§ WHAT YOU NEED TO DO
Copy, pictures aside: the lines below from the one that holds "T shirt - Picture 2 of 3" through the final line of the listing, both ends included, exactly as they are and nothing else.

§ PROVIDED DATA

↓

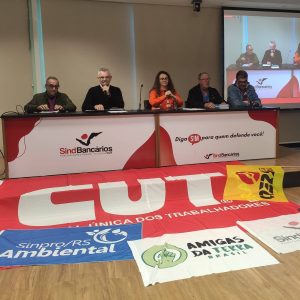 Leia mais sobre o artigo SINDIÁGUA/RS participou de Seminário da CUT que discutiu a transição energética e os desafios para os trabalhadores (as)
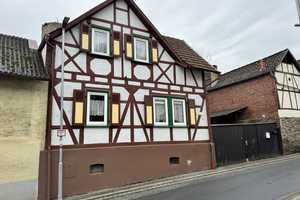 Preiswertes 6-Raum-Fachwerkhaus mit Burgblick in Langgöns – Aulbachstraße 29, 35428 Gießen (Kreis) – Vorschaubild 1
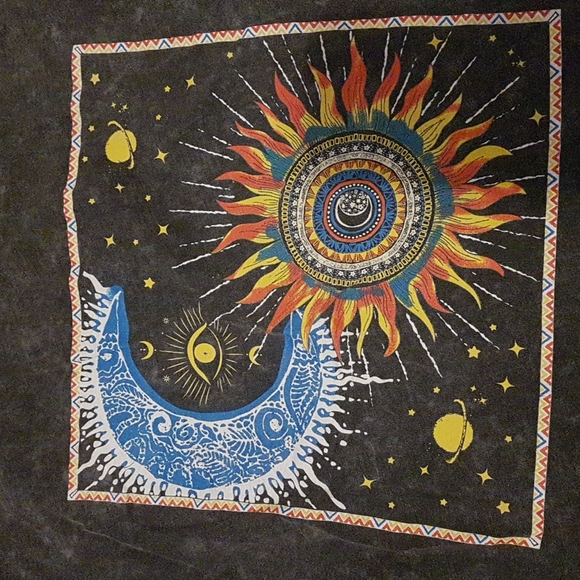 T shirt - Picture 2 of 3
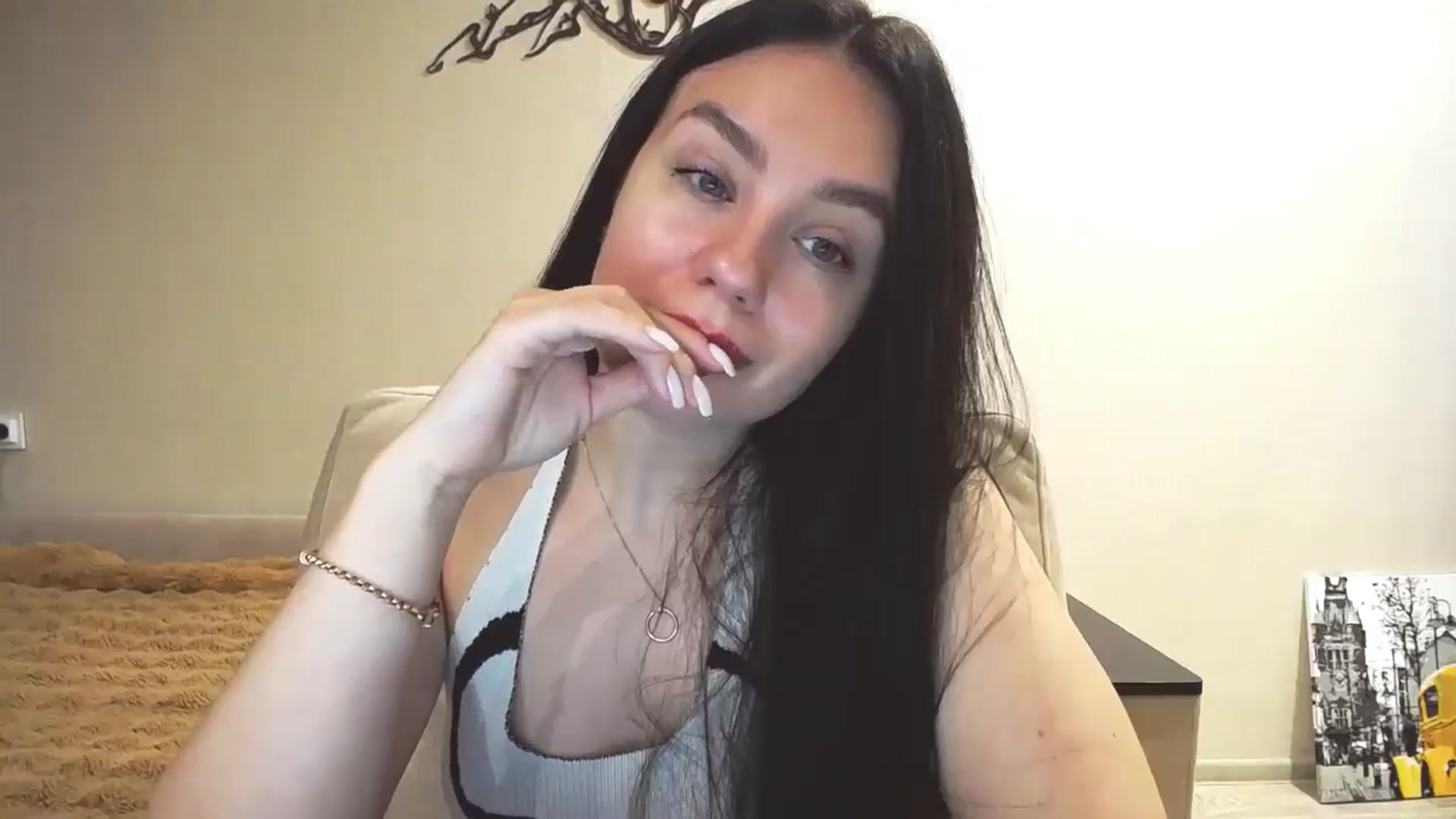 Gallery image thumbnail from Lillit__Wood_'s myfreecams stream on, 05/16/2025, 13:18 image 4 of 20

↑

§ SOLVED EXERCISE
 T shirt - Picture 2 of 3
 Gallery image thumbnail from Lillit__Wood_'s myfreecams stream on, 05/16/2025, 13:18 image 4 of 20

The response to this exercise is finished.